# Scraping granted patents from EPO publication server and processing

Similar to `scraping/scraping-epo-pub-server.ipynb` except I want to process into JSONL instead of saving as XML.

In [1]:
START_DATE = "20050812"
END_DATE   = "20210914"
ENDS_WITH  = "B1"                     # granted
BASE_URL   = "https://data.epo.org"      # kept only for date bookkeeping (no XML written)
LOG_DIRECTORY = "../data-test/logs"
OUTPUT_DIR = "../data-test/ep-b1-claims"  # where the XML files are saved
MAX_WORKERS = 6

# Retry / requests
RETRIES = 10
DELAY   = 1
BACKOFF = 1
JITTER  = (1, 3)
TIMEOUT = 5

In [2]:
import os, csv, json, threading
from datetime import datetime
from concurrent.futures import ThreadPoolExecutor, as_completed

import requests
from retry import retry
from bs4 import BeautifulSoup
from bs4.filter import SoupStrainer
from tqdm import tqdm
from lxml import etree

In [3]:
os.makedirs(LOG_DIRECTORY, exist_ok=True)
os.makedirs(OUTPUT_DIR, exist_ok=True)

def _append_failed(url):
    with open(os.path.join(LOG_DIRECTORY, 'failed-urls.csv'), 'a', newline='') as f:
        csv.writer(f).writerow([datetime.now().isoformat(), url])

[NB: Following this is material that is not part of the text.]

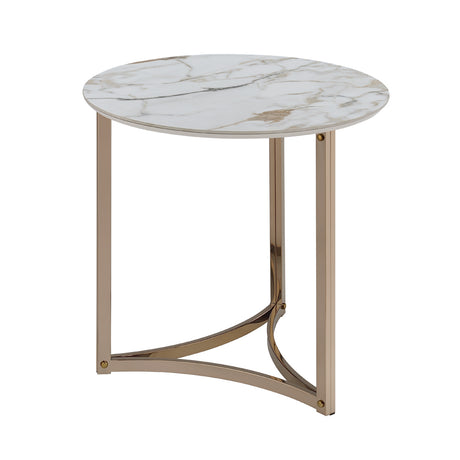 Zaidee End Table - Ornate Home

def _read_finished_dates():
    path = os.path.join(LOG_DIRECTORY, 'finished.csv')
    if not os.path.exists(path):
        return set()
    with open(path, 'r') as f:
        return {row[0] for row in csv.reader(f) if row}

def _append_finished_dates(dates):
    path = os.path.join(LOG_DIRECTORY, 'finished.csv')
    existing = _read_finished_dates()
    new_dates = [d for d in dates if d not in existing]
    if not new_dates:
        return
    with open(path, 'a', newline='') as f:
        w = csv.writer(f)
        for d in new_dates:
            w.writerow([d])

In [4]:
@retry(tries=RETRIES, delay=DELAY, backoff=BACKOFF, jitter=JITTER)
def get_response(link):
    try:
        r = requests.get(link, timeout=TIMEOUT)
        r.raise_for_status()
        return r
    except (requests.RequestException, requests.HTTPError, requests.ConnectionError, requests.Timeout):
        return None

In [5]:
def extract_all_links_from_response(response_content):
    soup = BeautifulSoup(response_content, 'html.parser', parse_only=SoupStrainer('a'))
    return [link.get('href') for link in soup if link and link.get('href')]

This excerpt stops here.